## Provided records
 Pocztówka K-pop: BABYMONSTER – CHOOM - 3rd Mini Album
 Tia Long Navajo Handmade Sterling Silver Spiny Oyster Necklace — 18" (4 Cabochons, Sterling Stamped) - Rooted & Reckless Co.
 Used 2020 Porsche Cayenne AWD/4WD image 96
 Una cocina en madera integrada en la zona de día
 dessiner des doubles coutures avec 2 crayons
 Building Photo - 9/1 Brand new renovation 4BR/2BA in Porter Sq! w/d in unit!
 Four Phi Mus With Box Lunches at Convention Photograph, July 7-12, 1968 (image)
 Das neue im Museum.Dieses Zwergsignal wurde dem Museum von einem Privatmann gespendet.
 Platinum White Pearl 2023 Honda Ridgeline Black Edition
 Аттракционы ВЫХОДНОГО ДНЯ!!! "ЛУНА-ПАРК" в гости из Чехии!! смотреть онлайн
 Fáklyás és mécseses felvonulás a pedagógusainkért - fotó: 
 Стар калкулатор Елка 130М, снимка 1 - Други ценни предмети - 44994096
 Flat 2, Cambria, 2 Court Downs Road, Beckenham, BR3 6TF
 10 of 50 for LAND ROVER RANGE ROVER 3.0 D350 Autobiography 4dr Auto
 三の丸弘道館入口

## Your task
Retype the entries above exactly, but only from the line containing "Building Photo - 9/1" through the line containing "Das neue im", both included.

## Output of the exercise
 Building Photo - 9/1 Brand new renovation 4BR/2BA in Porter Sq! w/d in unit!
 Four Phi Mus With Box Lunches at Convention Photograph, July 7-12, 1968 (image)
 Das neue im Museum.Dieses Zwergsignal wurde dem Museum von einem Privatmann gespendet.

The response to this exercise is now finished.